貴乃花親方と相撲協会“解釈の違い”判明で混迷

2017年12月14日 16時30分

報道陣に囲まれた鏡山理事は不機嫌そうに貴乃花部屋を後にした

 日本相撲協会と貴乃花親方(45=元横綱)の対立が泥沼化している。元横綱日馬富士(33)が幕内貴ノ岩(27=貴乃花)に対する傷害容疑で書類送検された問題で、相撲協会の危機管理部長の鏡山理事(59=元関脇多賀竜)は13日午後2時過ぎ、東京・江東区の貴乃花部屋を訪問。インターホンを3度押しても応答がなかったため、郵便受けに文書を投函して引き揚げた。

 協会側は13日に貴ノ岩への事情聴取を行うことを2日前の11日に貴乃花部屋に書面で通達していた。しかし、協会が設定した時間までに貴ノ岩は現れず、すっぽかされた格好。鏡山理事は「今日が貴ノ岩の聴取の日だったので(貴ノ岩が来るのを)待っていた。来ないということは意思表示でしょう」と不満をあらわにした。

 この日に投函した書面では、貴乃花親方に貴ノ岩の現在の状況や病状を回答するように求めたという。危機管理委の高野利雄委員長(元名古屋高検検事長)は11月30日の理事会で、警察の捜査終了(書類送検)の時点で貴乃花親方が協会の聴取に協力する意向を示したと説明していた。一方で、貴乃花親方は検察による処分が出るまでは協力しない意向を12日に文書で協会側に伝達。両者の“解釈”の違いが明らかになった。

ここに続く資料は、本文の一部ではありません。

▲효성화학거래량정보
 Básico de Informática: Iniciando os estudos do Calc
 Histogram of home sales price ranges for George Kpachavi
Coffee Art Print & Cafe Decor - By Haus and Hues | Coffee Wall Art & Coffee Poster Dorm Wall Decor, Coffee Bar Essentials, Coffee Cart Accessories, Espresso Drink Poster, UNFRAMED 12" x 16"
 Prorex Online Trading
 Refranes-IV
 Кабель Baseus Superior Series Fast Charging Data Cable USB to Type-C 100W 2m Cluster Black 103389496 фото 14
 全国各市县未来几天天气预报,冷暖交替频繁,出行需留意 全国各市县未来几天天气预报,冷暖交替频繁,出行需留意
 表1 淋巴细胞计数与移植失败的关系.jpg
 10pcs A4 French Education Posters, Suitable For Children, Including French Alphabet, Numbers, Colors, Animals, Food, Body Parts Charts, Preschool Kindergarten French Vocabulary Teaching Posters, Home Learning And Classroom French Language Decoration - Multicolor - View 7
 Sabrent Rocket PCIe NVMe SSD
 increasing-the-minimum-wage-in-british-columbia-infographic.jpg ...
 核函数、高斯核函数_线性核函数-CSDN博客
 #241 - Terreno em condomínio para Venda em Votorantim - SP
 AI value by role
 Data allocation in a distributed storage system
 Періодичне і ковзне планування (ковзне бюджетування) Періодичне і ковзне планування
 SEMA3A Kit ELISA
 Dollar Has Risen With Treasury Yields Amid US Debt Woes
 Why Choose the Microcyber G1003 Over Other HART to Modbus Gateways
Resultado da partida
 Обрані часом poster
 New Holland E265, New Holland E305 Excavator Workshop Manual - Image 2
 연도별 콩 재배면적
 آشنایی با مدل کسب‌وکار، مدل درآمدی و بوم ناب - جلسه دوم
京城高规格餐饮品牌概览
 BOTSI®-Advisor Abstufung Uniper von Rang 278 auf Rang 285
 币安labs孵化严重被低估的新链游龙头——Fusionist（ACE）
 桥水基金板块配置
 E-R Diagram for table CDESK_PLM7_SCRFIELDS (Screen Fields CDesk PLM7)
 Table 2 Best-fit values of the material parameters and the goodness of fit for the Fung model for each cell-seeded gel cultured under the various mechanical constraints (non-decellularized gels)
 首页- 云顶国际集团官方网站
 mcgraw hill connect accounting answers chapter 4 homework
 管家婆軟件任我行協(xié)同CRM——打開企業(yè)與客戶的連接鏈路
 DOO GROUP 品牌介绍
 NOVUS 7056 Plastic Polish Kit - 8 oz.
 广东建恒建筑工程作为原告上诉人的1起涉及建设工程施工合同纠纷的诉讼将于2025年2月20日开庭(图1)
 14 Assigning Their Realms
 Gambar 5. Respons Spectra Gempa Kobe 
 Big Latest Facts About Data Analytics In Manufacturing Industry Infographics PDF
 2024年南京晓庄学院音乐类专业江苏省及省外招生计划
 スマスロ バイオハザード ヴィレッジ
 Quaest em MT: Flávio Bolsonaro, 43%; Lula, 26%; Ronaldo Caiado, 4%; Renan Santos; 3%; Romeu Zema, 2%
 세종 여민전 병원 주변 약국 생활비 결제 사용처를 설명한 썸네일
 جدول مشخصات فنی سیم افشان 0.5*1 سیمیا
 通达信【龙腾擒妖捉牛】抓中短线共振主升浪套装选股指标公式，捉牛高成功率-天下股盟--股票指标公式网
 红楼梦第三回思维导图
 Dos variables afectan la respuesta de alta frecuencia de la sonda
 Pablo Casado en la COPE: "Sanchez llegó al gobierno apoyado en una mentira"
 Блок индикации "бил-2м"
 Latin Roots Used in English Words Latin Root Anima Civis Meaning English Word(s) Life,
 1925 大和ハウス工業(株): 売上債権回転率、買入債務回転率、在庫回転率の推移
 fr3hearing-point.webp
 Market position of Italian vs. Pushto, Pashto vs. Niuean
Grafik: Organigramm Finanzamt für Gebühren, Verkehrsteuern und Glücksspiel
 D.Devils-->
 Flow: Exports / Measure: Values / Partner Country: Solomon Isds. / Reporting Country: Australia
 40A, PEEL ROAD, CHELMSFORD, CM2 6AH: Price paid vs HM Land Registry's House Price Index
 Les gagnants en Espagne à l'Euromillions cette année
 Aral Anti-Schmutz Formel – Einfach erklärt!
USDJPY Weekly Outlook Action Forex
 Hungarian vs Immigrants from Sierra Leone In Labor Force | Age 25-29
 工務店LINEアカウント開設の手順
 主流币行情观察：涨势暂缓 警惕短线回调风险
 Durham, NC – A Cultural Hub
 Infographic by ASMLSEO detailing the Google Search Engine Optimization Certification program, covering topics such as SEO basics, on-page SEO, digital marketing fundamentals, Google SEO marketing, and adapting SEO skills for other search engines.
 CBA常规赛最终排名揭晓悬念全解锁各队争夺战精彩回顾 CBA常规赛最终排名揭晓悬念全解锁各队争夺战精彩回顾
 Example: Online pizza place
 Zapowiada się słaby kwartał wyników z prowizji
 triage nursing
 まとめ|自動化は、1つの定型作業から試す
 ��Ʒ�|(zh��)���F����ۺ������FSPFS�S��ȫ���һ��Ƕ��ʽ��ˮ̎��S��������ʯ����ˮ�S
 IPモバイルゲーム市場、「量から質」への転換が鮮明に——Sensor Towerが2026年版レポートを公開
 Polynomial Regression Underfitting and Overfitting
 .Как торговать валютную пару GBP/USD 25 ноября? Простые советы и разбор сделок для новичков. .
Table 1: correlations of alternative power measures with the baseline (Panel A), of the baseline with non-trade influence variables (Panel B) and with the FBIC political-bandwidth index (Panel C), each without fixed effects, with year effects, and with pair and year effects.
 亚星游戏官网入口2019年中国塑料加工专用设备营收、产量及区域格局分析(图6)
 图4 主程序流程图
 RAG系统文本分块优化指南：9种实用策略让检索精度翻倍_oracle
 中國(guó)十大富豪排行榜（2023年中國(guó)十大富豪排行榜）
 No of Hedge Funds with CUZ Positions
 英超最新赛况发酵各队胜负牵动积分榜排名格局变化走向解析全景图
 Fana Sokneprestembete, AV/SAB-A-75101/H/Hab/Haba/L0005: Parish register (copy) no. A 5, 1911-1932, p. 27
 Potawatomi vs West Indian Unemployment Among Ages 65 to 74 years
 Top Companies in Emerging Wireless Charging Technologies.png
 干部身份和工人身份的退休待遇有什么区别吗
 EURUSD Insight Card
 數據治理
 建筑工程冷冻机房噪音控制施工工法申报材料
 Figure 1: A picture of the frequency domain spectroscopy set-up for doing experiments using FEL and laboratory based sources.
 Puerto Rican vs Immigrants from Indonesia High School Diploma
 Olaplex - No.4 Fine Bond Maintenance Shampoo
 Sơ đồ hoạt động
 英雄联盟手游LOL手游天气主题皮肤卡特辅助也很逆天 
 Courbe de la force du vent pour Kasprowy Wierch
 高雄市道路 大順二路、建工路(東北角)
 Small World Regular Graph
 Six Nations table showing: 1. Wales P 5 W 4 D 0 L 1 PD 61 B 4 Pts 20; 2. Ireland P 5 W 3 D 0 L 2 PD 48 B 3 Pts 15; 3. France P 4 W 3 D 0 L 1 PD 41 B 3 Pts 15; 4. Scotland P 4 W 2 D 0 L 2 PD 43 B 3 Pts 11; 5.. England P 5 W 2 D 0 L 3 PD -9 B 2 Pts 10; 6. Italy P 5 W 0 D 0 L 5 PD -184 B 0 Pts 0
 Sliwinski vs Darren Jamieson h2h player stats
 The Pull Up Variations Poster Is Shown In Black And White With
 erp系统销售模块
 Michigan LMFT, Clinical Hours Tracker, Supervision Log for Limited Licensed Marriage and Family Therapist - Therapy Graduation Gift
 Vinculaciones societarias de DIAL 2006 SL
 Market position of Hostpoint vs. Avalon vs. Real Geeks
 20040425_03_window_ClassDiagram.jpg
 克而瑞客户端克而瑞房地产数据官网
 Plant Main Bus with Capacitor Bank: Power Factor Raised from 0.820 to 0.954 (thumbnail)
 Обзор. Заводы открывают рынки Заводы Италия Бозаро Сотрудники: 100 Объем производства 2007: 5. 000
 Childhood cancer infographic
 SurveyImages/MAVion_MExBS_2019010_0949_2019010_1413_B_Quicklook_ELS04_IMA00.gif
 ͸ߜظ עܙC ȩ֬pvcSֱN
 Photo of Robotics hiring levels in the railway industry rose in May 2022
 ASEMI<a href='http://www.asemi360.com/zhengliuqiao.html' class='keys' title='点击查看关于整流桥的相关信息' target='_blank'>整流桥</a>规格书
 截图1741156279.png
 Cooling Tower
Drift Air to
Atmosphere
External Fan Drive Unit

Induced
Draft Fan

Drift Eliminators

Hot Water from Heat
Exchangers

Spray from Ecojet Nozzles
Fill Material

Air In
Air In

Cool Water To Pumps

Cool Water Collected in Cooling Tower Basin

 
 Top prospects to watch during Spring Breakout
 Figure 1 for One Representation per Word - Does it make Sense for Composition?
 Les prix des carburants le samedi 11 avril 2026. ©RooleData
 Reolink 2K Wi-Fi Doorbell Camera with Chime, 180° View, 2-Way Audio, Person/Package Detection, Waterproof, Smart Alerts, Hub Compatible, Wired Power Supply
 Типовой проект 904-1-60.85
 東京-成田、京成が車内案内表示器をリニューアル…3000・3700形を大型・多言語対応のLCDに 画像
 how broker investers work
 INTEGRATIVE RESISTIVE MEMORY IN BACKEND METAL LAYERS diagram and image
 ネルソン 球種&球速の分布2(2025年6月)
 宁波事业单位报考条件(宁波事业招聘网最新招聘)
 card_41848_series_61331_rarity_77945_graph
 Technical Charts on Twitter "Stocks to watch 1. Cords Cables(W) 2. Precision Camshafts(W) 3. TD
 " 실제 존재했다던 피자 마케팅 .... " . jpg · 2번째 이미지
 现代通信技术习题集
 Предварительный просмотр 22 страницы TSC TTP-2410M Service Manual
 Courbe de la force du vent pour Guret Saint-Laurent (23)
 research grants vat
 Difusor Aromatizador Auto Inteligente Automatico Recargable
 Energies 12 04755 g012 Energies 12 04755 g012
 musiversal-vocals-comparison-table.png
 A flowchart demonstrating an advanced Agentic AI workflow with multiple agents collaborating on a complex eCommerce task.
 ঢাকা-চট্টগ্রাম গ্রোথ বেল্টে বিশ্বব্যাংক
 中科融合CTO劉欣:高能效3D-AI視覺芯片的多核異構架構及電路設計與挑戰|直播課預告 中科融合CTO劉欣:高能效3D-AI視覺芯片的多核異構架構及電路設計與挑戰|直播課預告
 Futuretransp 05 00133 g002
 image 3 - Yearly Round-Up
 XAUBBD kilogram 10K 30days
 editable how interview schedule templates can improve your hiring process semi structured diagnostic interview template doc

 ただ、貴乃花親方が検察の処分後に本当に協力するかどうかも、現時点では不透明だ。角界関係者の間には「素直に協力するとは思えない。また別の理由をつけて断るのでは」との見方もある。いずれにせよ、20日に予定されている理事会で今回の暴行問題の最終報告を取りまとめることは困難な状況となっている。

 今度の理事会では日馬富士の師匠の伊勢ヶ浜親方(57=元横綱旭富士)の監督責任や、巡業部長である貴乃花親方が秋巡業中に起きた暴行事件を協会に報告しなかった点などについて、処分が下される可能性もあるが…。一連の騒動の最終的な着地点は見えないままだ。